### About this exercise
In the records below, find the line containing "und Flachdachausstiege Konfigurator" and transcribe it and every line after it exactly; leave the pictures out.

### Input records
****

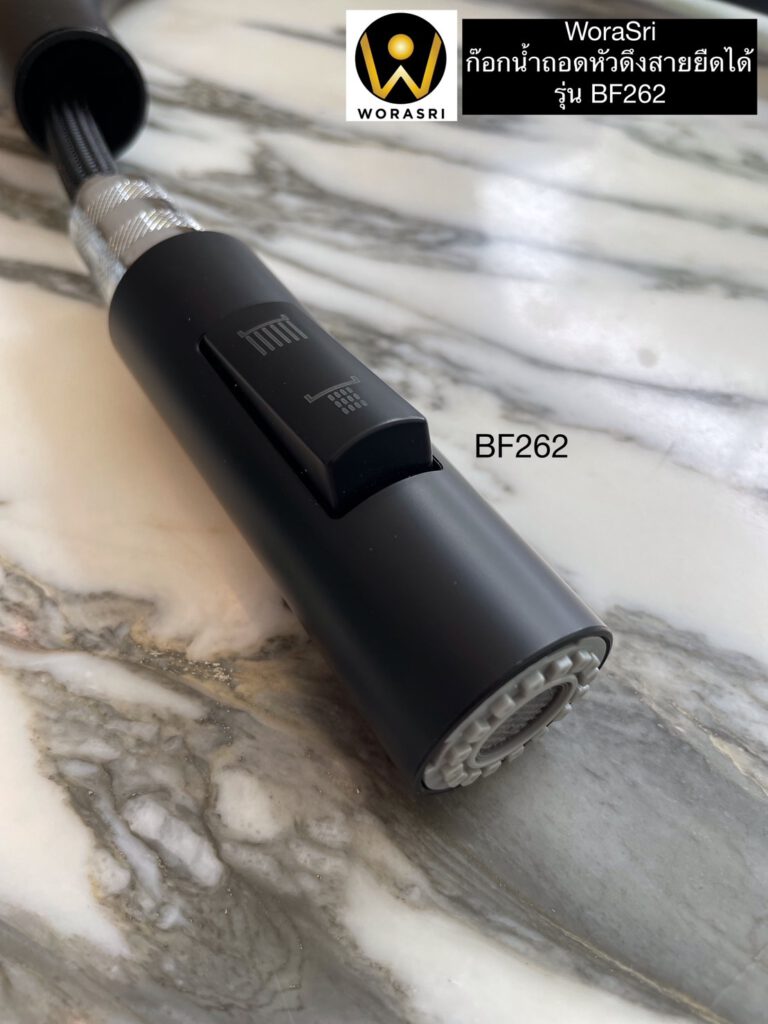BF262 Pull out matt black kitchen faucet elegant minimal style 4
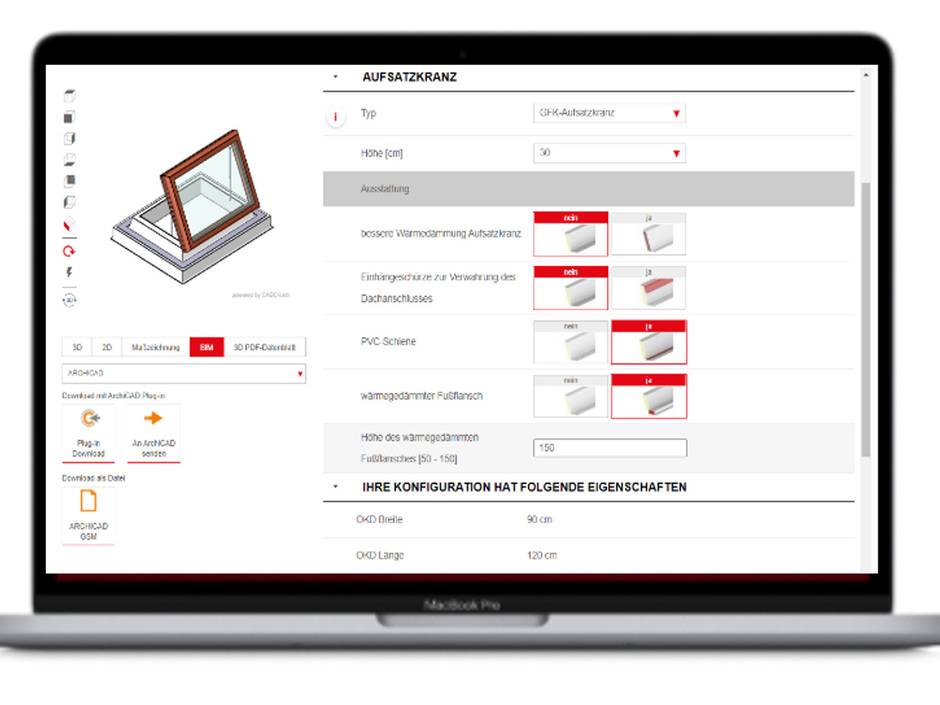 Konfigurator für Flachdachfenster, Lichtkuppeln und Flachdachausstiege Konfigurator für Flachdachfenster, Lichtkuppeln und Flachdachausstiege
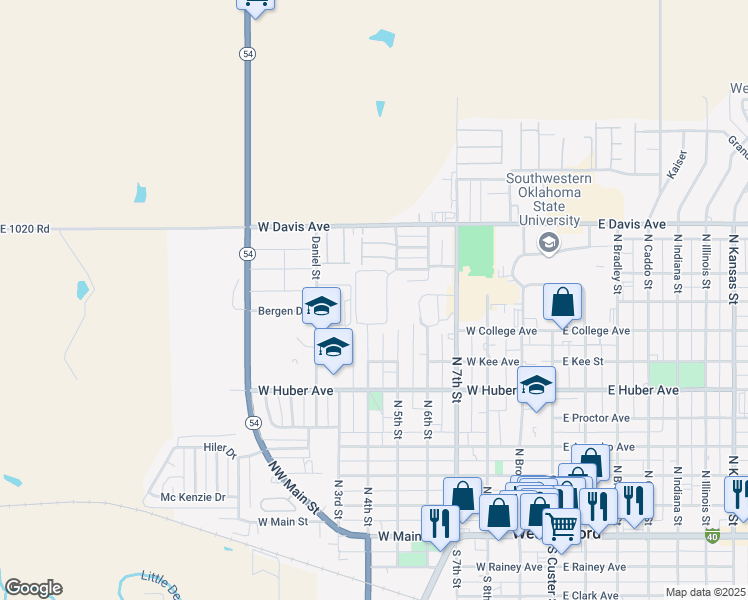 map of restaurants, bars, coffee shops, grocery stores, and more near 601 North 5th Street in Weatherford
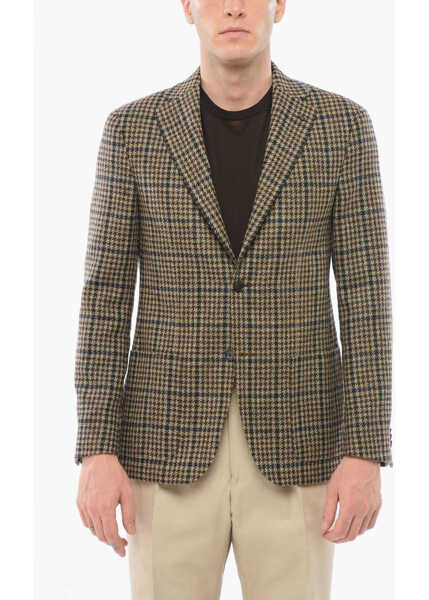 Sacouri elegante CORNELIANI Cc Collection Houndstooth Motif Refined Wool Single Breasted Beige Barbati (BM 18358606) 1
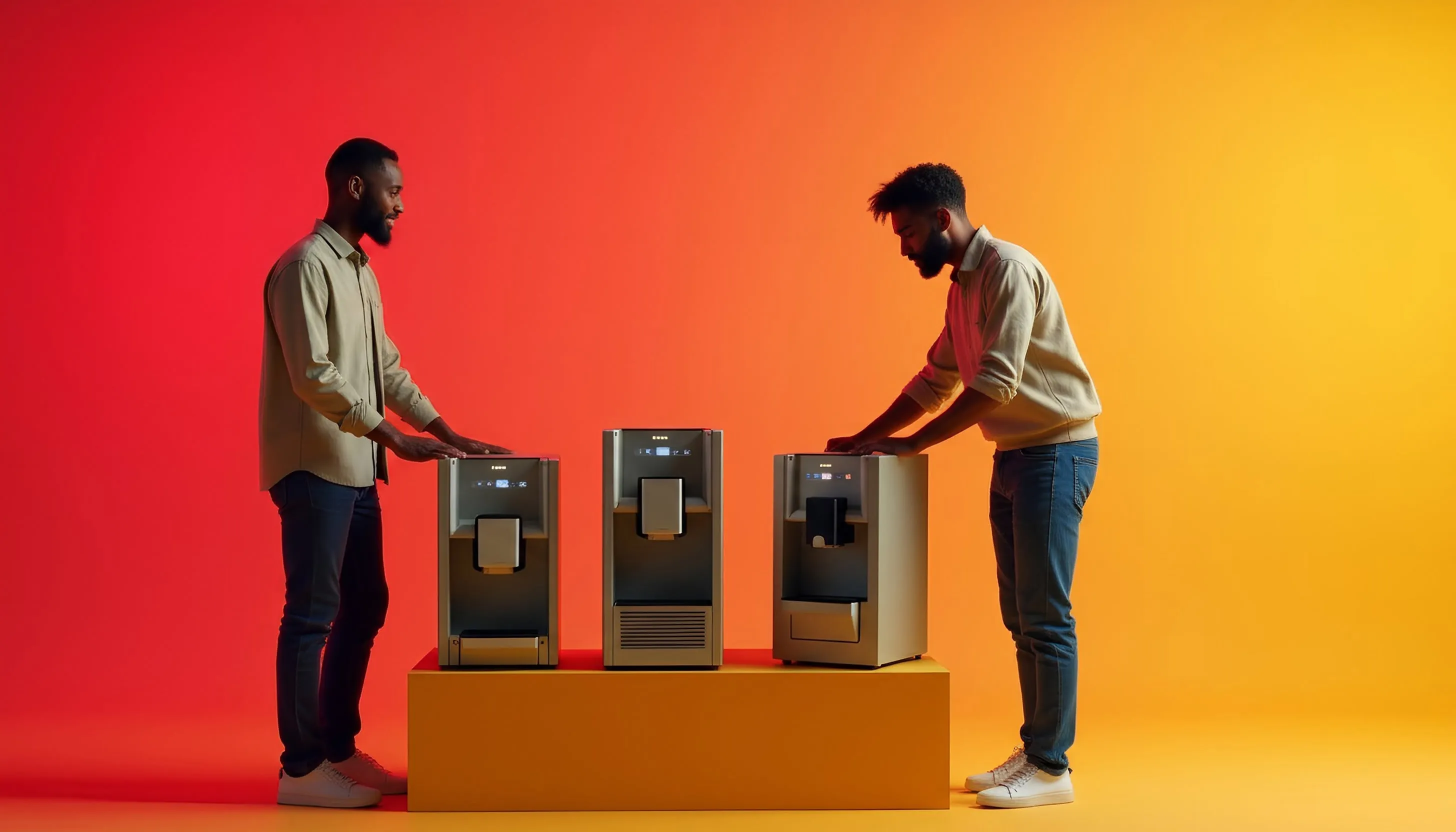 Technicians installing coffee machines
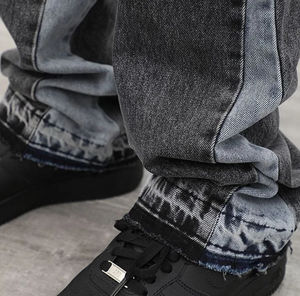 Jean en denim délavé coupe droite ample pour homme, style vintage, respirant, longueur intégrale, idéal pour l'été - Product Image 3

****

### Written response
 Konfigurator für Flachdachfenster, Lichtkuppeln und Flachdachausstiege Konfigurator für Flachdachfenster, Lichtkuppeln und Flachdachausstiege
 map of restaurants, bars, coffee shops, grocery stores, and more near 601 North 5th Street in Weatherford
 Sacouri elegante CORNELIANI Cc Collection Houndstooth Motif Refined Wool Single Breasted Beige Barbati (BM 18358606) 1
 Technicians installing coffee machines
 Jean en denim délavé coupe droite ample pour homme, style vintage, respirant, longueur intégrale, idéal pour l'été - Product Image 3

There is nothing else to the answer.